An early VGA experiment using the FPGA "ZPUino" soft core
Last week I wrote about some ideas to use colour to enhance the coding user interface experience. This week I round-up some of the hardware that makes colourful graphics possible on low resource systems.

A Little More History.

The early history of British computing is firmly rooted in the secret Radar work during World War 2. After the war, many of those early Radar engineers and technicians sought interesting employment in the post-war civilian Britain and helped to start the first British Computer  Revolution.

During the war, advanced storage techniques had been used to reduce clutter in radar images - it was these cathode ray tube image persistent storage methods, that gave rise to the Williams tube (1946-47) - one of the first dynamic RAM devices.  On the phosphorous face of a 6" CRT, you could display an array of 32 x 32 dots, of varying brightness - and it was direct the application of this device that in 1948, that led to the practical development of the first true Small Scale, Experimental Computer (SSEC).  The Williams tube became the 1K bit store of the SSEC - or Manchester "Baby" computer.  This, in my opinion, is the true birth of computer generated graphics - a central function of the world's first stored program computer.

So the representation of data graphically on a screen has gone hand in hand with the development of the computer - ever since the earliest beginnings.

In the early 1980's the price of dynamic memory had decreased to the point where for the first time, small colour graphic systems became practical.

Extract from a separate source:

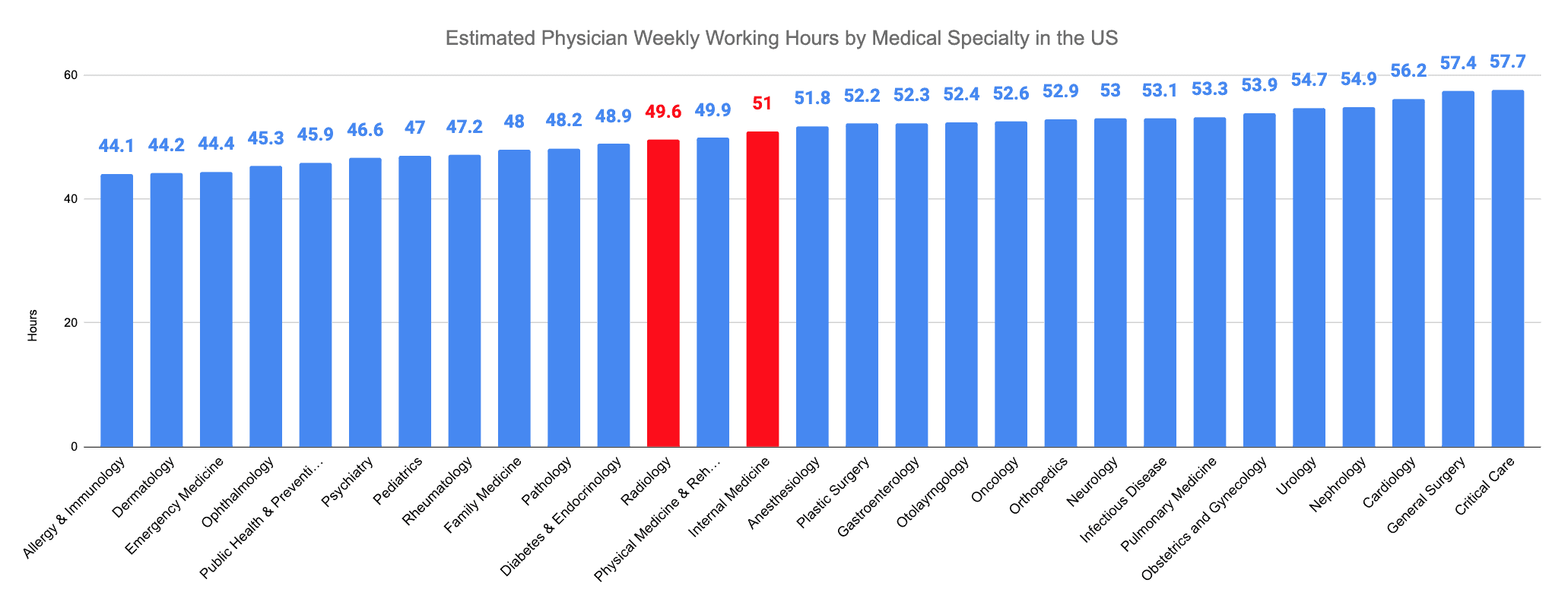 Radiology vs. Internal Medicine Estimated Physician Weekly Working Hours by Medical Specialty in the US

This led to the boom of home computers in the UK and elsewhere as the 8-bit micros of the time (6502, Z80, 6800) were combined with fairly primitive video hardware to produce low resolution colour video displays.

With the falling cost of memory and hardware, the cost of the components required to produce a colour graphic display is now only a few dollars - and indeed the latest Raspberry Pi Zero ($5) and the CHIP $9 Linux computer have the graphic processors built in - requiring only a cable or adapter board to produce a video output suitable for driving a VGA or HDMI monitor.

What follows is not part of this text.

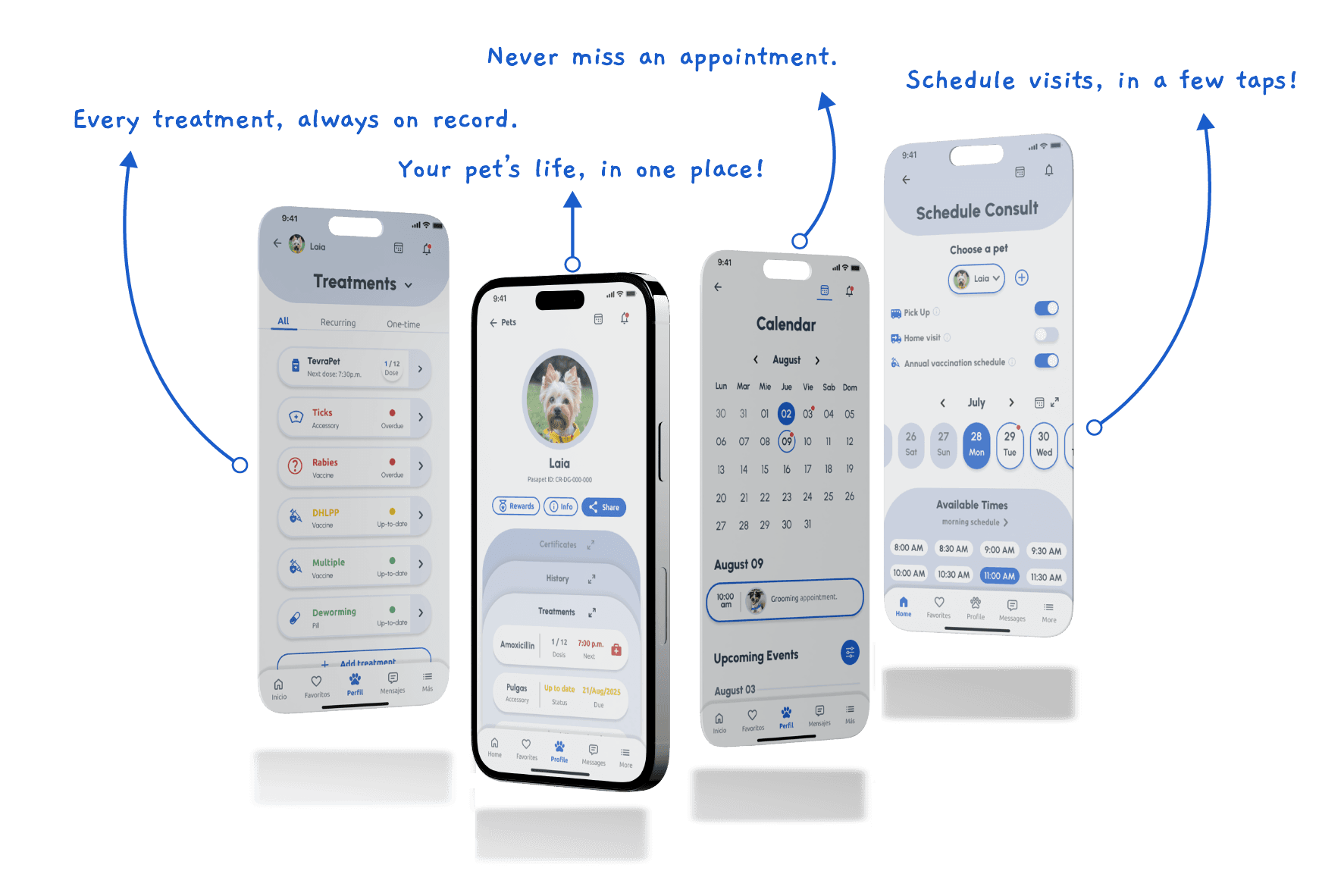PASAPET platform showing pet information organization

By offloading the burden of controlling the timing, sync generation and pixel pushing from the micocontroller to a specialist IC - or graphics processor, even a low resource 8-bit microcontroller can have a great user interface.  The following video illustrates how this can be achieved most convincingly using a 20MHz AVR combined with a graphics engine:

There are now several options for low cost VGA hardware suitable for connecting to an Arduino or similar dev-board, and this post will look at some of them. Later posts will describe some in more detail.

The 32-Bit Mass Migration

The hobbyist market is moving towards more sophisticated microcontrollers, and I guess that within a couple of years we shall all programming 32 bit ARM devices.

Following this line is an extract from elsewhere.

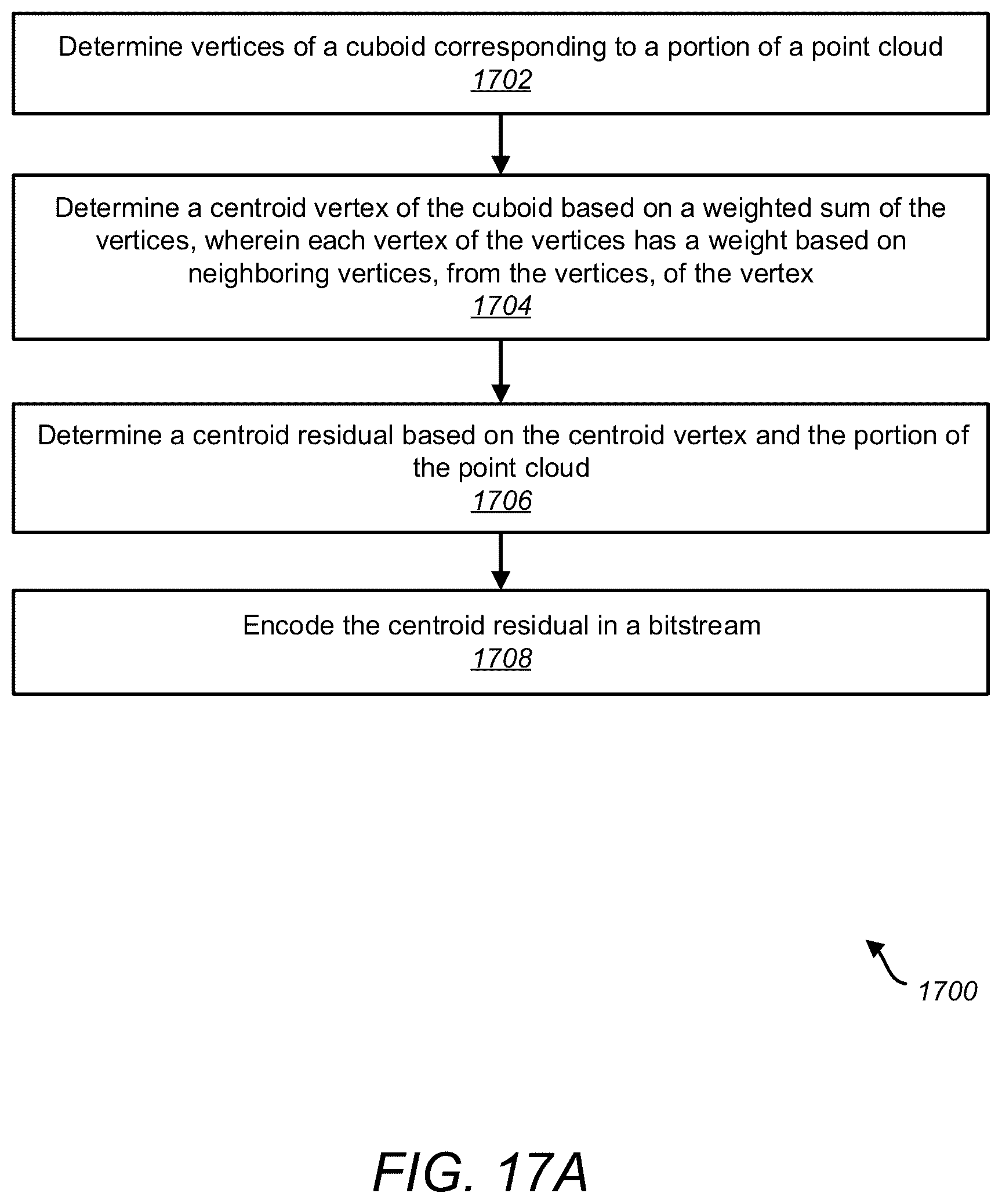 Patent US12614350 Figure 17 – Centroid positioning for voxelizing triangles in point cloud coding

These will be literally "as cheap as chips", and it will be the 25 year old, 8-bit processors (PICS AVRs,  8051) , manufactured in rapidly becoming obsolete process geometries that become disproportionately expensive - as we rush to geometries around the 10nm mark.

Atmel have tried to counter this 8-bit stagnation, by releasing some new AVR parts, that are made in a 130nm CMOS process but the writing appears to be on the wall for the humble 8-bit parts. STMicroelectronics are making some of their older processes available to Universities for custom chip design - for about $2400/mm2.

Atmel have recently launched a range of 300MHz Cortex M7 processors using a 65nm process.  These will eventually migrate to a 40nm process, and have clock frequencies of around 400MHz.  ST Microelectronics have also indicated that they are pushing their M7 processors to 400MHz.

Whilst single board computers, such as BeagleBone and Raspberry Pi are now offering multi-core 1GHz processors, these devices are generally intended to work with the Linux O/S., and have achieved large sales success - it's is the basic 32-bit microcontroller, programmed in bare metal C (without operating system framework) that is rapidly playing catch-up.

Within a year or so, 400MHz, 32bit ARM processors will be available on boards - designed for ease of use to the hobbyist and hacker community.  With a vast array of on-chip peripherals, these devices will find their way into flight controllers, software defined radios, games consoles, robotics and anywhere the microcontroller has to perform cycle-accurate real-time control.

Video for All

The one key factor that fuelled the microcomputer revolution 35 years ago has to be colour graphics on high street affordable PCs. Few perhaps remember when the only interaction with a computer was via a monochrome serial terminal. The use of colour, brings all levels of computing alive - even for the most basic of microcontroller projects, where a touch screen LCD is now a realistic practicality.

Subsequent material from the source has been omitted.